VTDigger Opinion: Greenfield: To be more like a business, the state needs to invest

From Vermont Digger
April 22, 2013

Editor’s note: This op-ed is by Jerry Greenfield, co-founder of Ben & Jerry’s Homemade, who lives in Williston.

Although it took me awhile to find Vermont and settle down here, I am glad that Vermont is my home. I am proud to live in a place where people care about each other and believe that everyone has something to contribute to the community. I am also proud of the business that we built here in Vermont, and I appreciate the lessons I have learned as our business has grown.

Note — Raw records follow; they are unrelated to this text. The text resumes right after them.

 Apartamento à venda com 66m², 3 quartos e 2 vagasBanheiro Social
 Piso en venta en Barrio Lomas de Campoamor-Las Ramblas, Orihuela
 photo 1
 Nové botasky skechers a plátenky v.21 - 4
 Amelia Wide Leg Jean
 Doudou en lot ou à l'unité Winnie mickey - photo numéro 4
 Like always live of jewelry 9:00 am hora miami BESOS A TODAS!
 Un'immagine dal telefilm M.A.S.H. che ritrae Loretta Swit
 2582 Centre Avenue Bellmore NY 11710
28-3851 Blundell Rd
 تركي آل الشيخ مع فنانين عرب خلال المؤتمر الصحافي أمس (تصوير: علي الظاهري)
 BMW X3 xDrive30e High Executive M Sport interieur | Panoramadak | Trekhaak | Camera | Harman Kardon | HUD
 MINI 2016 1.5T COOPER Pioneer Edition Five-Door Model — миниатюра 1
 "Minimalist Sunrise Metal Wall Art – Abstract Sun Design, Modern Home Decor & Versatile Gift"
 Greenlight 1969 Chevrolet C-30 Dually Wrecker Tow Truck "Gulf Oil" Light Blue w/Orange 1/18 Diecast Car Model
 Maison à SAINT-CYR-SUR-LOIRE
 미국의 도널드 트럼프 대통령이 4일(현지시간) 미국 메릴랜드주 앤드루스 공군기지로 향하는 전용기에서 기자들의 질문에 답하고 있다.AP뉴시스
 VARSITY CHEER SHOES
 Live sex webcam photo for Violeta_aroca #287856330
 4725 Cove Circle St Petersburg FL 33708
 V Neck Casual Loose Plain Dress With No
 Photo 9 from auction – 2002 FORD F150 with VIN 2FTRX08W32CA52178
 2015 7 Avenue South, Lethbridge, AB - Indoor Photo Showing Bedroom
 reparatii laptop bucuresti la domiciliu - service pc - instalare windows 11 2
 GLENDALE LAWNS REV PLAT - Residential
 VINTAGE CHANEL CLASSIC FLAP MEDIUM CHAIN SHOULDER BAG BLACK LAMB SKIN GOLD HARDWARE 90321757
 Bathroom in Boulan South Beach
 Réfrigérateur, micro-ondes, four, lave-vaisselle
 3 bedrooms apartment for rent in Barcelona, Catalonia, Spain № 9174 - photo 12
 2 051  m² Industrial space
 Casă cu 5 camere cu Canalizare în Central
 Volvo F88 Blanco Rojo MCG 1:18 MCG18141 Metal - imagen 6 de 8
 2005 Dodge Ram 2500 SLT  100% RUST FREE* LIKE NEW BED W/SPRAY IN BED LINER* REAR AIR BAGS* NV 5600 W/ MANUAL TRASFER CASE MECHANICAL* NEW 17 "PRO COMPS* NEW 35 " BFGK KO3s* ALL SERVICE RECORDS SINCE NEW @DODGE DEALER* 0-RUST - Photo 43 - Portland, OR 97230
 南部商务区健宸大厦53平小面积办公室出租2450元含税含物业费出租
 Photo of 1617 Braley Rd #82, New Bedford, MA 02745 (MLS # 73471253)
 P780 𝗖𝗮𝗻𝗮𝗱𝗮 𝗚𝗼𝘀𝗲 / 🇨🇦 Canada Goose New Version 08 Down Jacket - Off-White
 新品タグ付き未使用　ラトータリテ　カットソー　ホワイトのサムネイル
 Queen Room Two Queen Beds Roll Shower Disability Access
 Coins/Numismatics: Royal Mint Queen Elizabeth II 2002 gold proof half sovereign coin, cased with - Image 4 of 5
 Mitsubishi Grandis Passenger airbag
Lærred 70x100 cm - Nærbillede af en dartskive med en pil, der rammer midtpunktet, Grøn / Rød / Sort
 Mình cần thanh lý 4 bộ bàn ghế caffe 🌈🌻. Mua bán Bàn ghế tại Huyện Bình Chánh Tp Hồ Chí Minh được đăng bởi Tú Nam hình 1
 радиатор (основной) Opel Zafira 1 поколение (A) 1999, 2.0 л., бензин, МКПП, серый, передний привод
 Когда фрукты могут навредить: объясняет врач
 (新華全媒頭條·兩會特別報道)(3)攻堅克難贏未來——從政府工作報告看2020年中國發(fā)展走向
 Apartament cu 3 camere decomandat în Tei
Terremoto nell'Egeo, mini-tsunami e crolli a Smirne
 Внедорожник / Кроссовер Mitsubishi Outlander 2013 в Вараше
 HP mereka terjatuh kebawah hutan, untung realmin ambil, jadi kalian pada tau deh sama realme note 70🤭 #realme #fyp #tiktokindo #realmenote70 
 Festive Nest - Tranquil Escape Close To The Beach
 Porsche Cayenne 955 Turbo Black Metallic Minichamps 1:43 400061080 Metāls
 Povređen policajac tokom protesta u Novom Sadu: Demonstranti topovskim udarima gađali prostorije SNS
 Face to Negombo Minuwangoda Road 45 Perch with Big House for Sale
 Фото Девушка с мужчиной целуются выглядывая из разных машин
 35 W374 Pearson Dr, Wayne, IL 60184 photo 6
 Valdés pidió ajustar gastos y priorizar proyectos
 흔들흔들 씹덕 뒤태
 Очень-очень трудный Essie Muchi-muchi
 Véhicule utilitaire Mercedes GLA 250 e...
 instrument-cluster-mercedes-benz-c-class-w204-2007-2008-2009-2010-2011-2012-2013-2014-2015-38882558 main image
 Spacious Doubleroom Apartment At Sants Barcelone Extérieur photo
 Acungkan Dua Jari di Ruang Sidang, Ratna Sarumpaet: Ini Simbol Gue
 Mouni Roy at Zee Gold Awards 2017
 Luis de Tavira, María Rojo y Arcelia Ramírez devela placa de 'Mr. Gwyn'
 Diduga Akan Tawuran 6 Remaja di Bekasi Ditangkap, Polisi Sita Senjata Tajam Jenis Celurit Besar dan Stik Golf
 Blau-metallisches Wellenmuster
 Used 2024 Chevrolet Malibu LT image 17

One thing that I have learned is that you have to make smart investments in people if you want a strong community and successful community members. Ben & Jerry’s has a commitment to paying our workers a livable wage and paying our suppliers a premium price for high-quality ingredients. We don’t do this only to make awesome ice cream, but also to ensure that the people who work with us have good lives and can reach their full potential.

I often hear people say that government should be more like business. I agree. Every business person knows that if you want good results, you have to make smart investments. You have to identify where you need to put your resources to be effective and successful. You have to invest not only in the business, but also in the people who work in the business if you are going to create a good product.

I have never understood why people take the opposite stance when it comes to the government. We all want the government to deliver a good product – whether it is programs for those who need a little help or infrastructure to keep our businesses strong. Yet, we sometimes forget that in order to get these good products, we need to make those smart investments.

When times are tough, it makes sense to step back and assess whether there are corners we can cut for a short time. We must always be ready to shift away from austerity as soon as possible, though, because austerity never leads to prosperity. You might be able to get by for a while playing Scrooge, but you won’t thrive, and neither will anyone else around you. We all know that in the end Scrooge learned that the best way to enjoy the value of his money was to invest it in the people who worked for him and lived in his community.

I love Vermont, and I want Vermont to be the best we can be. When we as a state hold ourselves to a high standard and make the investments that will lead to success, then we will reap the rewards of those investments – our children will grow up happy and strong, our elderly will age with dignity, our businesses will thrive, and our communities will prosper. The Legislature is making budget and tax decisions now that will set the course for our future. I hope our policymakers will be bold and be businesslike, and make those smart investments in people and infrastructure that we need so that we can all prosper together.